我在绘制小提琴图和箱线图时遇到问题,这将显示我的数据样本的描述性统计数据。 我有一个包含 3 列变量的数据:channel、Year、durationMins,有 20 个观察值。
这是我的代码:
我想在 ShinyApp 中构建带有箱线图的小提琴图。
#Simulate Data for Reproducible Code
# Set the number of observations
{n <- 512
# Define channel names
channels <- c("Channel_A", "Channel_B", "Channel_C", "Channel_D")
# Define months and days of the week
months <- c("January", "February", "March", "April", "May", "June", "July", "August", "September", "October", "November", "December")
days <- c("Monday", "Tuesday", "Wednesday", "Thursday", "Friday", "Saturday", "Sunday")
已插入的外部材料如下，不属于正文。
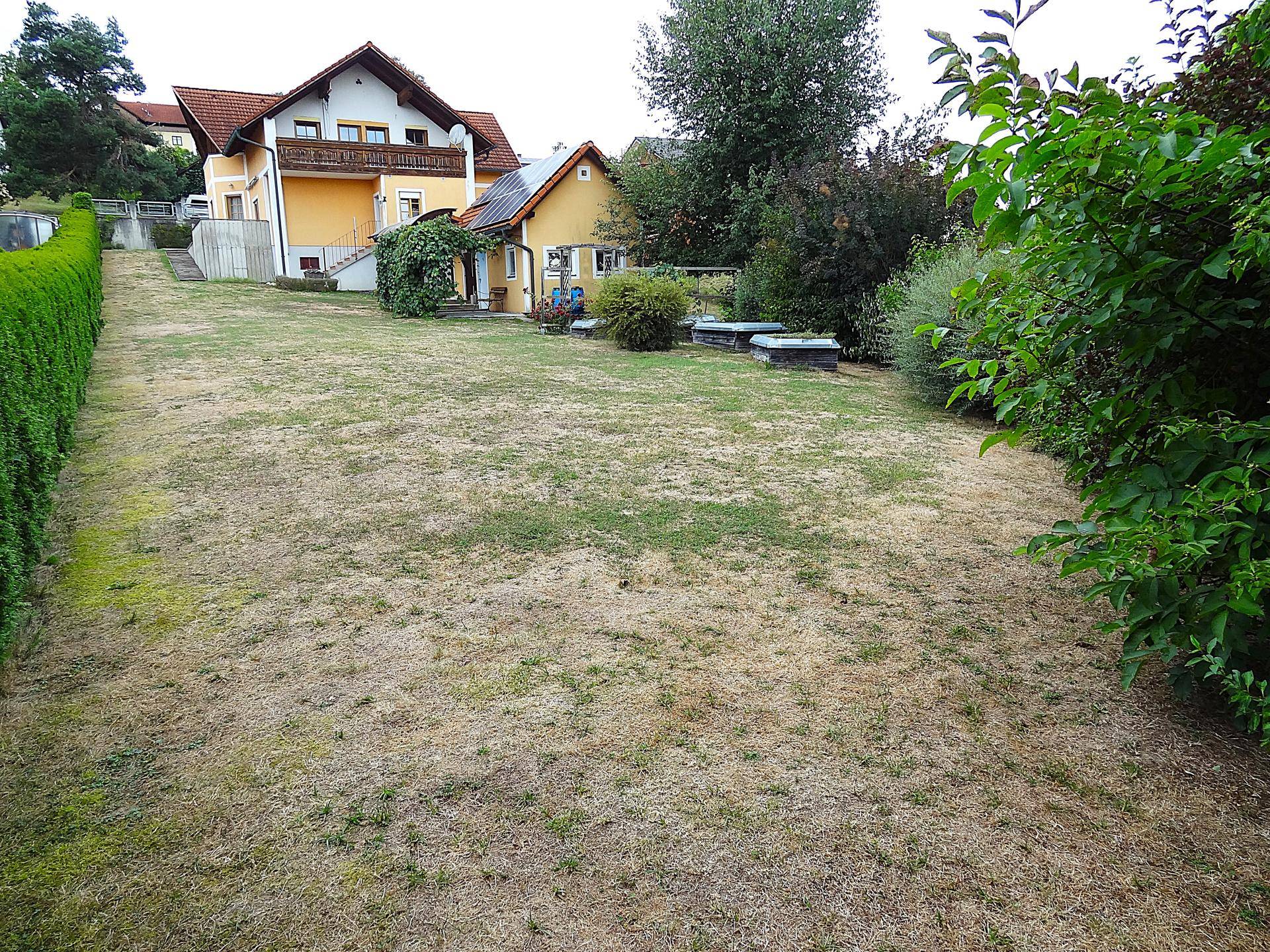 Großer Garten mit Rasenfläche und Blick auf das Hauptgebäude im Hintergrund.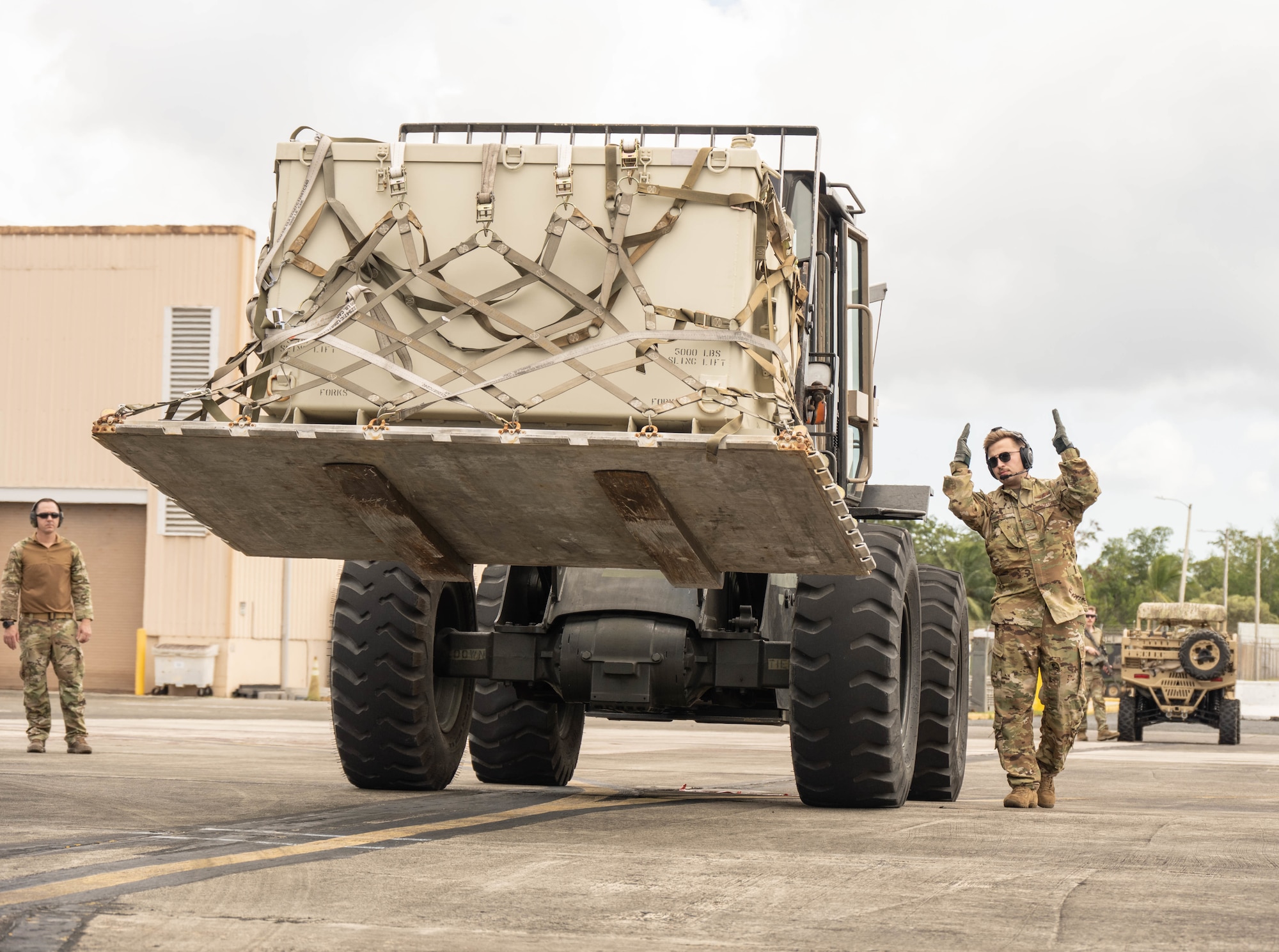 Airman directs a forklift carrying a pallet toward an aircraft on the flight line.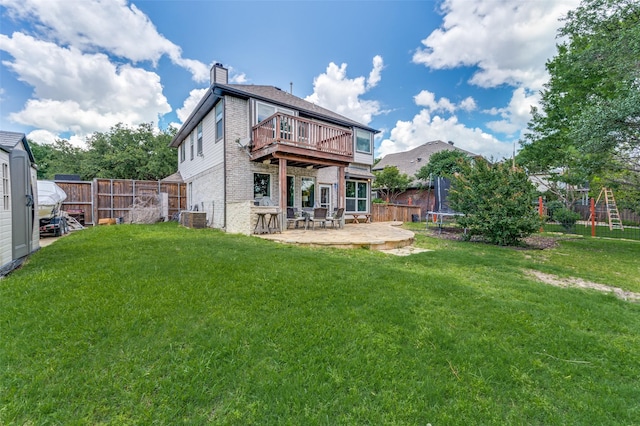 3625 Cottonwood Springs Dr, The Colony, TX 75056 - back of property featuring a trampoline, a patio area, brick siding, a chimney, and central AC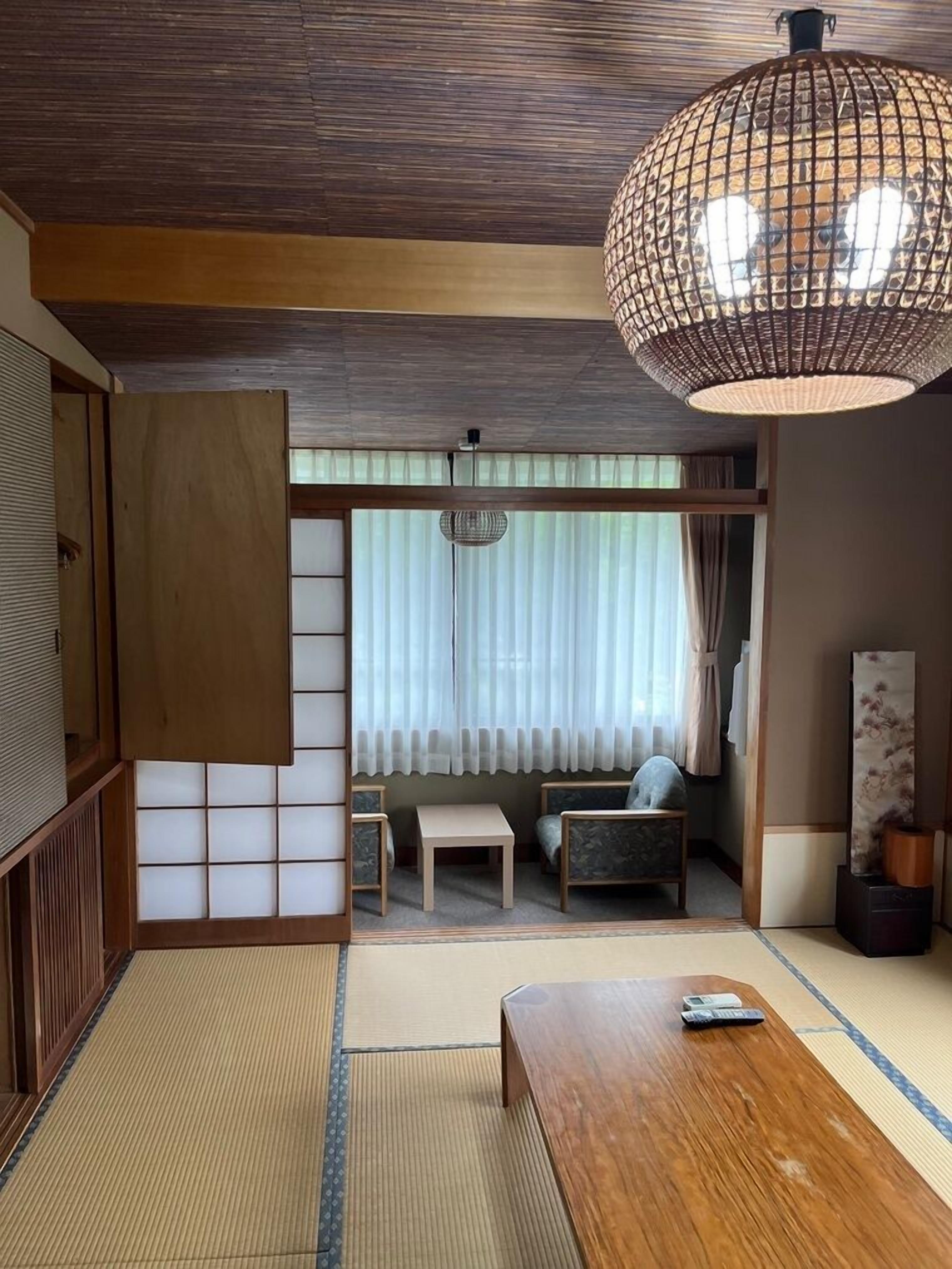 Ein traditioneller japanischer Raum mit Tatami-Boden, einem niedrigen Holztisch, einer Couch, einer Pendelleuchte und einer Schiebetür.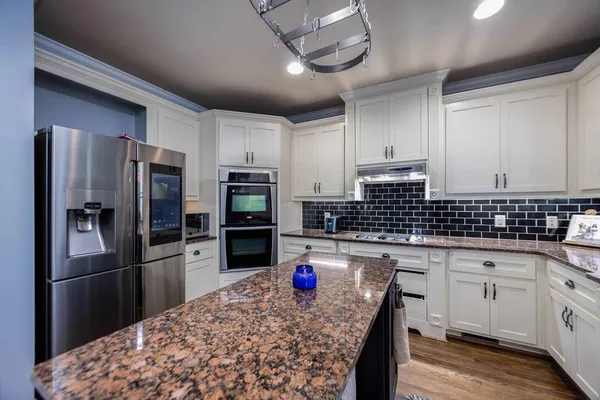 a dining room with furniture entryway and wooden floor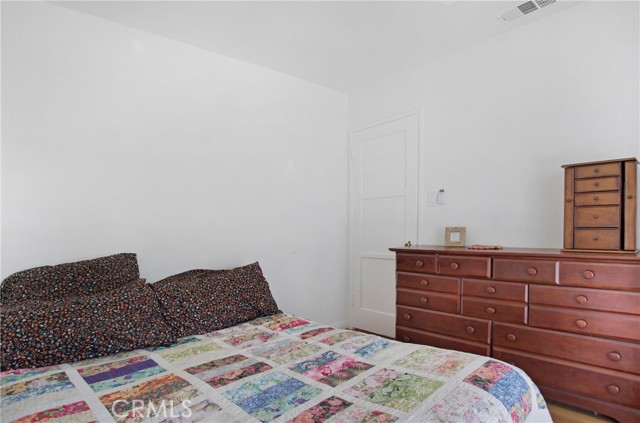 Primary bedroom also has direct access to covered patio and yard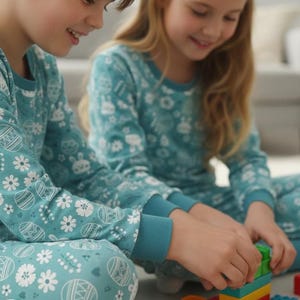May include: Two children wearing matching teal pajamas with an Easter-themed print of eggs, bunnies, and flowers. They are sitting on the floor and playing with colorful building blocks. The pajamas have long sleeves and a crew neck.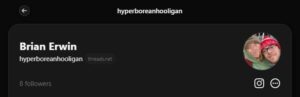 A screenshot of the header to a Threads account. The handle is "Hyperborean Hooligan," with the name down as "Brian Erwin." The profile photo is of Irwin and his girlfriend, whose face has been intentionally redacted, dressed in cold-weather clothes. 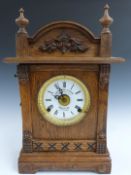 Oak cased shelf / mantel clock, Fattorini & Sons, Bradford to enamel Roman dial, the movement
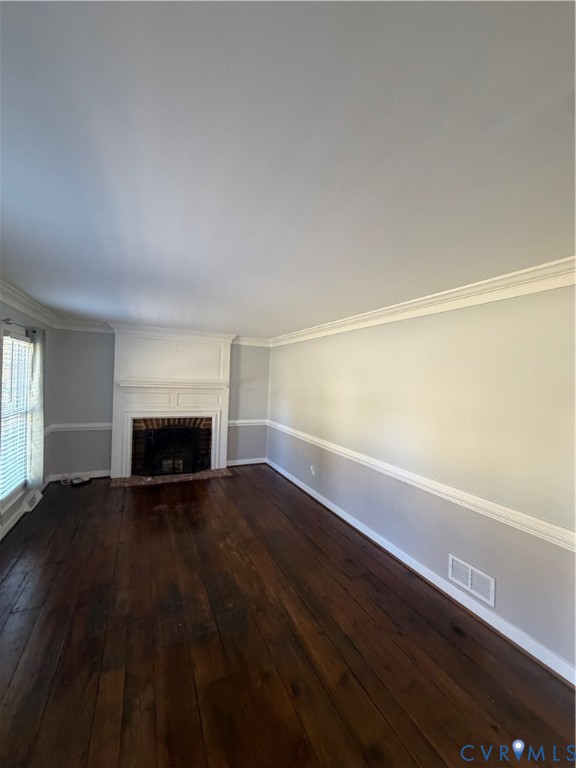Fireplace with a white wood mantel, crown molding, chair rail trim, and dark-toned wood-finish flooring Fireplace with a white wood mantel, crown molding, chair rail trim, and dark-toned wood-finish flooring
# Create a data frame to store the data
df1 <- data.frame()
# Generate data for each channel
for (channel in channels) {
# Generate data for each year
for (year in 2017:2024) {
# Generate data for each month
for (month in months) {
# Sample durations for each day of the month
for (day in 1:30) { # Assuming 30 days per month
# Sample duration for the specific channel, year, month, and day
durations <- round(runif(n = 1, min = 4.59, max = 30.7), 1)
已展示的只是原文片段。